EXERCISE AIM:
From the line containing "Shein topp - En" down to the line containing "259 Meadowdell Dr, Pittsburgh, PA, 15227-4017" in the records below, reproduce every line exactly, ends included, and omit all others.

━━ EXERCISE MATERIALS ━━

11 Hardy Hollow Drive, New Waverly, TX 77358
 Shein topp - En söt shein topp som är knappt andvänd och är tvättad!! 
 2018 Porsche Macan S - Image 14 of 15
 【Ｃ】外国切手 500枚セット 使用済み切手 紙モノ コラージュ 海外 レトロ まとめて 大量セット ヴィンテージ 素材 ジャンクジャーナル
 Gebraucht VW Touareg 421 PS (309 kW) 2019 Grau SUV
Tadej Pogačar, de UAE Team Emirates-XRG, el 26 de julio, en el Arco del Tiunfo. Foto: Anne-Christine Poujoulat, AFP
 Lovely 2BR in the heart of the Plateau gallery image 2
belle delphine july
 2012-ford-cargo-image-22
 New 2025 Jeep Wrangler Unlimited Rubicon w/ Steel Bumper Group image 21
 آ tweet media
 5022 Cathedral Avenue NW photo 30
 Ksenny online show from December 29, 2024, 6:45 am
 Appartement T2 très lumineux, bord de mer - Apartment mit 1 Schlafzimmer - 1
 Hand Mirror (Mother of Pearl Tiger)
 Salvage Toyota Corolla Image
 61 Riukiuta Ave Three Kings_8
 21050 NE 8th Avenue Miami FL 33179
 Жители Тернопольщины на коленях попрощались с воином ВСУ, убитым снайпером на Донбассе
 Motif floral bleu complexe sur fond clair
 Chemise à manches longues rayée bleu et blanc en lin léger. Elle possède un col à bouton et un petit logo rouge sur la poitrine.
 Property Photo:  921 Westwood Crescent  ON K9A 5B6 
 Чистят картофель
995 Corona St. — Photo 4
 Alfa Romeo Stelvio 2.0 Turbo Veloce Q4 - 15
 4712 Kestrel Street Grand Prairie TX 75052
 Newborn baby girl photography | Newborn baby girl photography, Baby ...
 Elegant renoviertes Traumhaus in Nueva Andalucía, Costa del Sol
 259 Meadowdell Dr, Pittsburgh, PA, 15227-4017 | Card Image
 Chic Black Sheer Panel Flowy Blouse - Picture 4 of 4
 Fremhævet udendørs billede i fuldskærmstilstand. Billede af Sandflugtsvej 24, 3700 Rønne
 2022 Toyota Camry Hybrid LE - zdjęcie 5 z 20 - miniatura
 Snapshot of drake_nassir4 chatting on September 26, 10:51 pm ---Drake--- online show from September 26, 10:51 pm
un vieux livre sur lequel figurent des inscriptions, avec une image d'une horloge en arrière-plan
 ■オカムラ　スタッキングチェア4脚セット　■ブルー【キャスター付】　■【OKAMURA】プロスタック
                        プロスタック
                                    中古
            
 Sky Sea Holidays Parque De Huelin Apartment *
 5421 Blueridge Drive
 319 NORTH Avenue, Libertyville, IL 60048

━━━

EXERCISE SOLUTION:
 Shein topp - En söt shein topp som är knappt andvänd och är tvättad!! 
 2018 Porsche Macan S - Image 14 of 15
 【Ｃ】外国切手 500枚セット 使用済み切手 紙モノ コラージュ 海外 レトロ まとめて 大量セット ヴィンテージ 素材 ジャンクジャーナル
 Gebraucht VW Touareg 421 PS (309 kW) 2019 Grau SUV
Tadej Pogačar, de UAE Team Emirates-XRG, el 26 de julio, en el Arco del Tiunfo. Foto: Anne-Christine Poujoulat, AFP
 Lovely 2BR in the heart of the Plateau gallery image 2
belle delphine july
 2012-ford-cargo-image-22
 New 2025 Jeep Wrangler Unlimited Rubicon w/ Steel Bumper Group image 21
 آ tweet media
 5022 Cathedral Avenue NW photo 30
 Ksenny online show from December 29, 2024, 6:45 am
 Appartement T2 très lumineux, bord de mer - Apartment mit 1 Schlafzimmer - 1
 Hand Mirror (Mother of Pearl Tiger)
 Salvage Toyota Corolla Image
 61 Riukiuta Ave Three Kings_8
 21050 NE 8th Avenue Miami FL 33179
 Жители Тернопольщины на коленях попрощались с воином ВСУ, убитым снайпером на Донбассе
 Motif floral bleu complexe sur fond clair
 Chemise à manches longues rayée bleu et blanc en lin léger. Elle possède un col à bouton et un petit logo rouge sur la poitrine.
 Property Photo:  921 Westwood Crescent  ON K9A 5B6 
 Чистят картофель
995 Corona St. — Photo 4
 Alfa Romeo Stelvio 2.0 Turbo Veloce Q4 - 15
 4712 Kestrel Street Grand Prairie TX 75052
 Newborn baby girl photography | Newborn baby girl photography, Baby ...
 Elegant renoviertes Traumhaus in Nueva Andalucía, Costa del Sol
 259 Meadowdell Dr, Pittsburgh, PA, 15227-4017 | Card Image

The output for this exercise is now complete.